В том, что обычно называется «Реальной Жизнью». Побег, как правило, — поступок совершенно необходимый и даже порой героический. В реальной жизни Побег можно упрекнуть только в том, что он иногда терпит неудачу; в критике же его всегда порицают тем больше, чем лучше он удается. Очевидно, что мы сталкиваемся здесь как с неверным употреблением слов, так и с путаницей в мыслях. Разве следует презирать человека, который бежит из темницы, чтобы вернуться домой? Или того, кто, не имея возможности убежать, думает и говорит о чем‑то, не связанном с тюрьмой и тюремщиками? Мир за стенами темницы не станет менее реальным лишь оттого, что узник его не в силах увидеть. Ополчившись на слово «побег», критики искажают его смысл; более того, они путают — и я думаю, что это не простая ошибка, — Побег Узника и Бегство Дезертира. Точно так же ка- кой‑нибудь партийный оратор вполне мог бы заклеймить, как предательство, бегство от ужасов гитлеровского или иного рейха или несогласие с ним. А критики поступают еще хуже — они обрушиваются с презрением не только на Дезертирство, но и на подлинный Побег, и на все, что ему порою сопутствует: Отвращение, Гнев, Осуждение и Восстание. Но этого мало: они не только путают побег узника с бегством дезертира; мне вообще кажется, что им больше угодны предательские соглашения, чем сопротивление патриотов. С их точки зрения достаточно сказать: «Страна, которую ты любил, обречена», — и будет оправдано и даже восславлено любое предательство[144].
Итак, речь идет о побеге от того, что ошибочно принимается за реальность. Литературная критика часто имеет свои, совершенно не обоснованные критерии «реальности» и «правдивости», отталкивающиеся от того, что современный «мыслящий» человек признает за «норму». А между тем, эти критерии сами по себе — порождение не свободы, а плена:
Большая часть того, что ‹.‚.› назвали бы «серьезной» литературой — не более чем резвые игры под стеклянной крышей муниципального бассейна. Волшебные истории могут породить летающих или подводных чудовищ, однако все эти звери, во всяком случае, не пытаются убежать с небес или из моря [145].
В сказке человек может совершить — воображаемый, но вместе с тем указывающий на Действительность — побег и от многих проблем и ограничений, которые, с точки зрения христианина, связаны с первородным грехом, со следствиями грехопадения, совершенного в глубинах эпох прародителями человеческого рода. Одно из таких ограничений — потеря возможности общения со всем сотворенным миром. Еще одно — смерть. Желание преодолеть эти «ограничения» является столь же древним, как и само грехопадение. Сказка, давая возможность воображаемого Побега от этих ограничений, приносит надежду и Утешение.
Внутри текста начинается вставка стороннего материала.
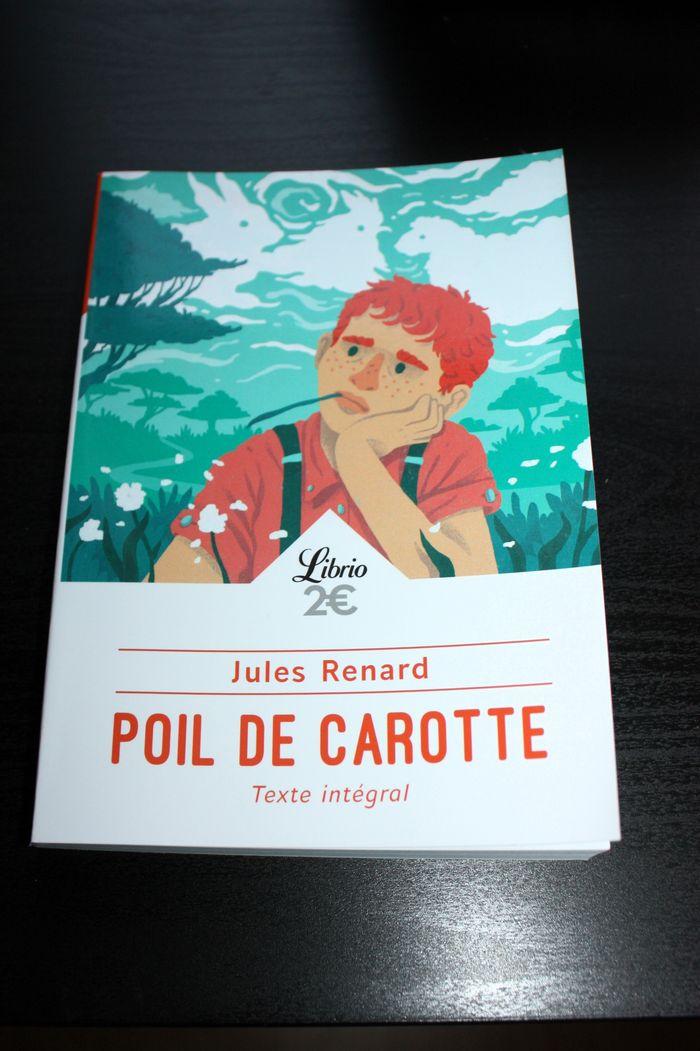 Poil de carotte - Jules Renard - littérature classique + dossier pédagogique - comme neuf - photo numéro 1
Но «утешение» волшебных историй имеет еще и другой смысл, помимо удовлетворения древних стремлений. Гораздо важнее Утешение Счастливого Конца. Я даже дерзну утверждать: всякая волшебная история должна иметь именно счастливый конец. Я бы сказал, что Трагедия — это высшая, истинная форма Драмы; в случае волшебной истории я бы сказал, что истинная форма ее прямо противоположна Трагедии. Так как у нас нет подходящего слова, чтобы выразить такую противоположность, я буду называть ее Счастливой Развязкой, «эвкатастрофой» (от древнегреч. ей — хорошо и katastrophe — переворот, развязка). История со Счастливой Развязкой есть высшая форма волшебной истории.
Утешение волшебных историй, радость счастливого конца — или, точнее, радость Счастливой Развязки, внезапного доброго «поворота» событий (ибо в сказках не бывает правдоподобных концов) — та радость, которую превосходно творят волшебные истории — это не «побег» и не «дезертирство». В своем сказочном бытии — в бытии иного мира — это внезапная и чудесная милость, на повторение которой никогда нельзя больше рассчитывать. Волшебные истории не отрицают существования Несчастливой Развязки, горя и поражения: возможность подобных событий необходима для полноты чувства радости освобождения. Но волшебные истории отрицают (наперекор всему) всеобщее окончательное поражение, и потому они — евангелие, благая весть, приносящая слабый отблеск запредельной Радости в этот мир, горький как скорбь[146]' '.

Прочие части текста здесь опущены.